Jenis ketiga adalah pembangunan perumahan untuk masyarakat berpenghasilan rendah. Konsumen dari pembangunan ini adalah kalangan berpenghasilan sedikit di atas garis kemiskinan. Pembangunan perumahan masyarakat berpenghasilan rendah ini merupakan kerja sama antara pemerintah dan swasta.
”Artinya, baik pemerintah maupun swasta sudah punya peran dan kewajibannya masing-masing. Kami saling mendukung untuk memenuhi kebutuhan rumah di masyarakat,” ujar Soelaeman.
Ia menjelaskan, sebanyak 80 persen dari kebutuhan rumah adalah rumah untuk masyarakat berpenghasilan rendah dan komersial, sedangkan 20 persen untuk rusunawa.
Khalawi mengatakan, untuk menggenjot pembangunan dan pemenuhan rumah baru, pihaknya akan mengandalkan skema kerja sama pemerintah dengan badan usaha.

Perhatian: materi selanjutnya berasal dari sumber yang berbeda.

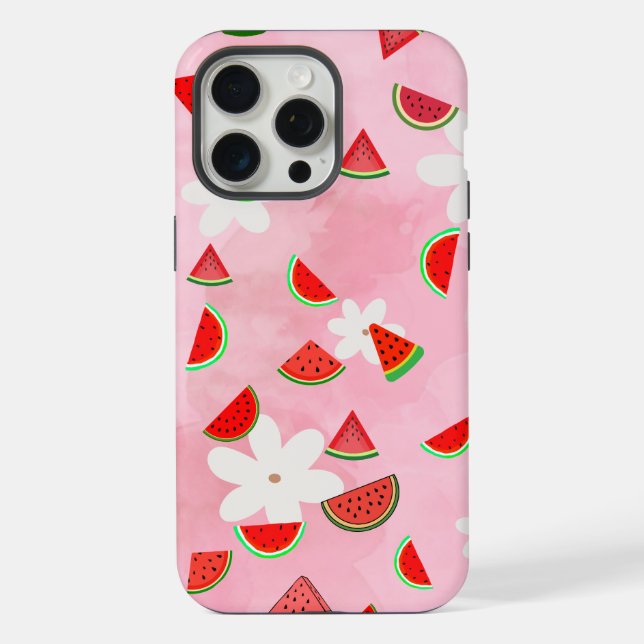 Coque iPhone Fleur de pastèque - Fun Summer Floral Patch" (Verso)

Bentuk kerja sama itu dapat berupa pemerintah menyediakan tanah dan swasta yang membangun perumahannya. Selain itu, ada juga kerja sama berupa pemerintah yang membuat infrastruktur, sedangkan swasta yang membangun perumahannya.
Hunian vertikal
Soelaeman menuturkan, salah satu alternatif untuk mempercepat pemenuhan hunian adalah dengan pembangunan hunian vertikal.

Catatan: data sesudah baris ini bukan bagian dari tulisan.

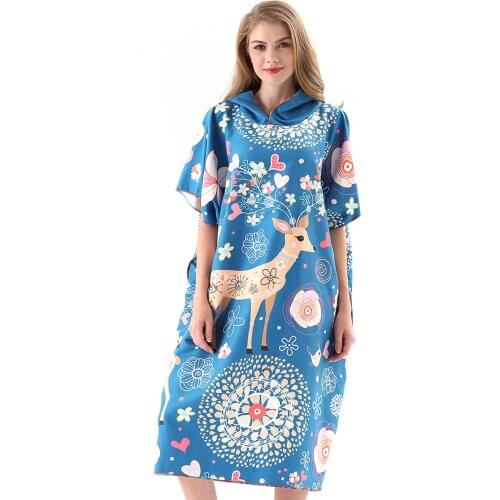 Beach Towel Poncho Hooded Bath Microfiber Wetsuit Changing Robe Poncho Surf Towel For Swimming Beach Outdooor Bathrobe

Dengan pertumbuhan penduduk 1,2 persen per tahun atau 3 juta bayi lahir tiap tahun, Indonesia harus mulai berpikir untuk membuat kawasan hunian yang bisa ditinggali banyak orang.
”Ketika dewasa, bayi itu memerlukan tempat tinggal. Demi mencari ruang kosong, akhirnya gunung, sawah, dan pantai diekspansi untuk menjadi permukiman,” ujar Soelaeman.
Khalawi pun sepakat dengan Soelaeman. Hunian vertikal menghemat penggunaan tanah dan sesuai dengan pesatnya pertumbuhan jumlah penduduk Indonesia.
”Hunian vertikal juga sudah mulai dibangun di kota-kota besar di Indonesia. Tren ke depan mungkin akan mengarah ke sana,” ujar Khalawi.
Namun, kendala terbesar pengembangan hunian vertikal adalah budaya dan cara hidup warga Indonesia yang belum terbiasa dengan hunian vertikal dan masih lebih memilih hunian tapak.
”Pembangunan hunian vertikal harus sejalan dengan sosialisasi tentang bagaimana hidup di hunian vertikal,” lanjut Khalawi.